In combat fatigues and headscarves the women abseil down a six-storey tower, firing assault rifles at imaginary terrorists, then bundle a would-be dignitary into a car and speed off.
The 22 Palestinian commandos are trailblazers in a still largely male-dominated society, set to become the first female members of the Presidential Guard, a Palestinian elite force of 2,600 men.
Their inclusion is the result of gradual changes in the West Bank in recent years. Some gender barriers have fallen, with a few women assuming posts as mayors, judges and cabinet ministers or starting their own businesses. At the same time, unemployment is on the rise, and families are more open to women entering non-traditional jobs.
Women make up just three per cent of the 30,000 members of the Palestinian police and other security agencies in the West Bank, but there is a push to recruit more, according to Brigadier Rashideh Mughrabi, leading gender issues in the National Security Forces.

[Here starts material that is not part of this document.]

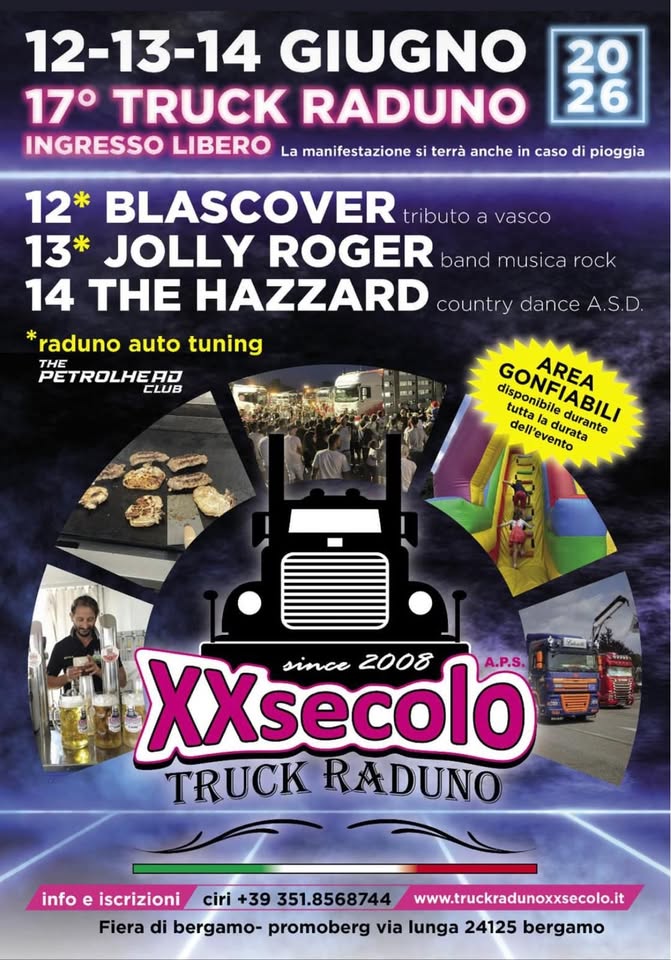 Evento Blascover Live@ Bergamo (Fiera) Locandina Blascover Live@ Bergamo (Fiera) - venerdì 12 giugno ore 21:00 - 23:00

The new recruits were picked from last year’s graduating class of the Independence University, a four-year security academy in Jericho that trains future officers. For graduate Kurum Saad, the appeal was immediate. As a female officer her traditional role would have been in administration, but she wanted more – adventure and a chance to fire guns. “I didn’t want to sit in an office,” the 23-year-old said. “Since I was a little girl, I loved shooting and sports.”

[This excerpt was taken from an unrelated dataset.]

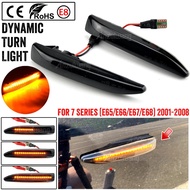 63137164758 Direction Indicator Lamp LED Dynamic Turn Signal Light For BMW 7 Series E65 E66 E67 E68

Two days ago Saad and the others in her group put on black combat boots, camouflage uniforms and pulled black ski masks over the headscarves before showing journalists what they had learned in their special training.
Several women, including non-swimmers, were asked to jump into a pool as a show of courage. They dived in in full uniform, including boots. One had to be pulled out by a lifeguard.
Six women, including Saad, abseiled down the six-storey tower in pairs. Saad, who excelled at sharp shooting, was terrified of heights for months. She said that during training in Jordan with local commandos, she overcame her fear. On Sunday she swiftly made her way down, smiling as she touched ground. Saad said she relished her role of opening doors for other women. Her father, she added, is proud of her, and her little sister is eager to join the Guard.
All but two of the female guards, including Saad, wore black headscarves, reflecting a growing trend among Palestinian women to cover their hair because of tradition, Muslim religious observance or social pressure. As the women performed their drills, hundreds of young men waited in line outside in the brutal desert sun.
They had responded to a recruitment campaign for the Guard, but faced a tough selection process with only a few dozen of the tallest and fittest being chosen.
The Presidential Guard was established under the late Yasser Arafat, the globe-trotting Palestinian leader. Arafat spent most of his life in exile but returned to the Palestinian territories in 1994, as part of interim peace deals with Israel, and set up a self-rule government.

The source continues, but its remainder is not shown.